Mothering

Only after I became a mother in the most basic, literal sense, giving birth to my son and a few years later my daughter, did I dedicate the time needed to realize that raising children represents only a modicum of true mothering. It is a much bigger, holier, metaphysical concept than I give it credit. Each year, around this time of year, prompted by advertisements for spa-days and chocolate-covered fruit and whatever other gifts marketers dictate as appropriate for mothers, I pause and think about how I have embraced mothering as a whole.

With each annual exploration the understanding of what it means to mother–beyond gender or responsibilities or frustrations or fears–opens itself up a little more to me.

In recent years, there has been a larger movement to recognize that the syrupy, Hallmark-fortified version of this holiday leaves out those who have been unable to bear children, those who have lost a child, lost a mother, or those who have non-existent or damaged relationships with mothers in their lives. As my expression of motherhood evolves, I have come in personal contact with all these challenges, experiencing them myself or when supporting others.

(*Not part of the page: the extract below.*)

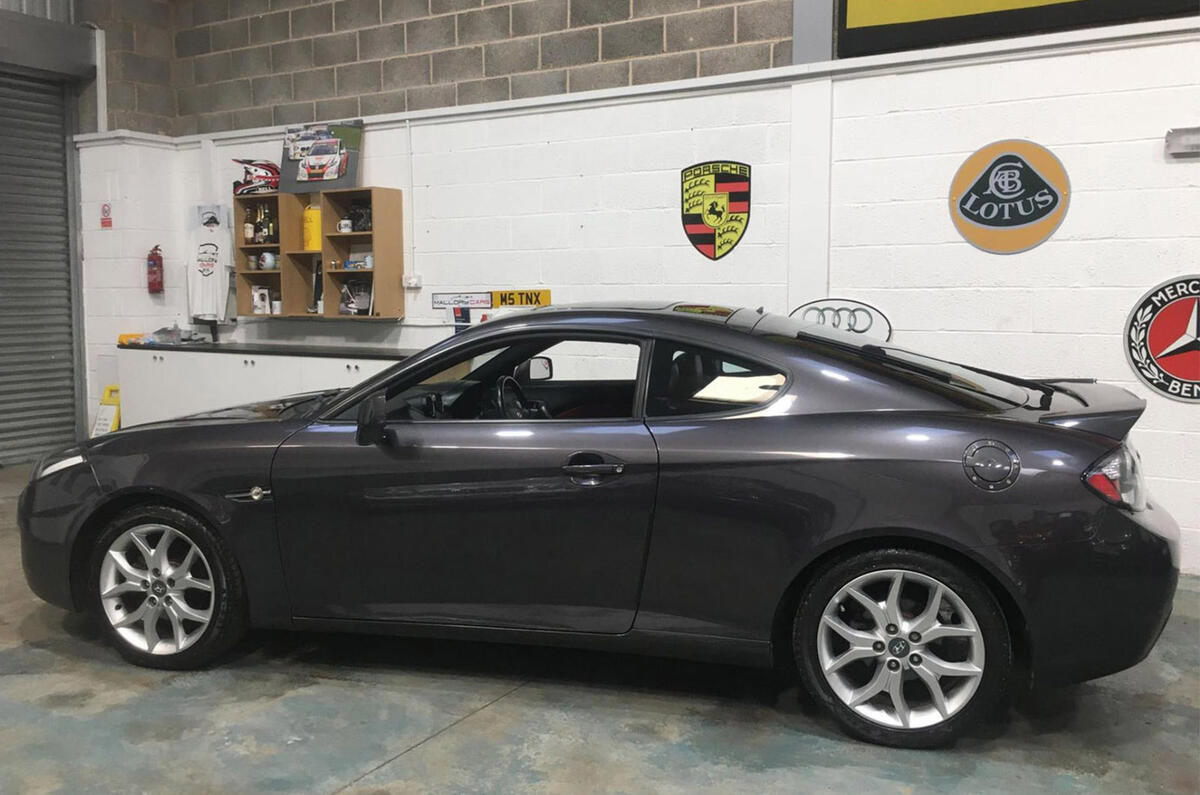 3 hyundai coupe 3 hyundai coupe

My role as a mom raising two kids is something I still struggle with everyday. I struggle with my identity outside of my kids’ lives and nurturing my own and their independence. I pray for them everyday; praying for their safety and wisdom and that they might represent and give unconditional love to everyone they meet. I remind them constantly to stop picking their nose. They hand me a booger.

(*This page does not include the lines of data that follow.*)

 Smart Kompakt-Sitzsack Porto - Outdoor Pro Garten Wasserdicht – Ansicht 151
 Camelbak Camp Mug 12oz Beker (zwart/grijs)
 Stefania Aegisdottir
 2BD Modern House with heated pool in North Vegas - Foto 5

Two ideas struck me today with words better than I have to offer, and I have learned that part of mothering is recognizing other’s good work and lifting it up, celebrating nurturing ideas that feed humanity.

The first comes from Jen Hatmaker. I am sharing this is a little late, considering most of us have finished church for this Sunday, but the sentiment is timeless and useful for future Mother’s Days. The biggest takeaway is the permission to walk away from our prescribed traditions without risk of our sacred communities turning their back on us when we return. We need to find the joy that brings us closer to the divine, which is what our Mother would want for us.

The second idea comes from the story on the origins of Mother’s Day in the United States, which has been posted on multiple sites today, more than I remember in recent history. Each account cites Julia Ward Howe’s Mother’s Day Proclamation from 1870, calling women together to work together to address issues of global peace. A stanza in the middle of the piece reads:

From the bosom of the devastated earth a voice goes up with our own. It says, “Disarm, disarm! The sword is not the balance of justice.” Blood does not wipe out dishonor nor violence indicate possession.

I’d happen to guess that greeting card companies haven’t quite figured out what font to use when re-printing that phrase on the front of a Mother’s Day card. The entire proclamation reminds me to view my role as a mother as to serve the children of the world–all ages, all locations, no exceptions. It’s a humbling charge, one that can’t be fueled by a bouquet of chocolate-covered fruit.

And finally, because the Internet can be good (despite all of its clickbait and makeup-free celebrity photos) when we use it with the right intentions, a bonus thought, discovered as a related link to Howe’s proclamation. It’s a reflection on spiritual motherhood, captured by Dr. Alice von Hildebrand, a Catholic philosopher and theologian. The finale of her article reads:

You are called to motherhood right now. Not next week, not next month. I’m absolutely convinced that God has placed people in your path and called you to motherhood. Your task is to love those that are weak, unhappy, helpless, and unloved. Sometimes you can do this just by saying one word. At other times you’ll just have to listen. In every life there is suffering; most people keep it inside. When they feel loved, they will open up and tell you about their suffering. Then you will find that by carrying other people’s suffering your own suffering becomes lighter.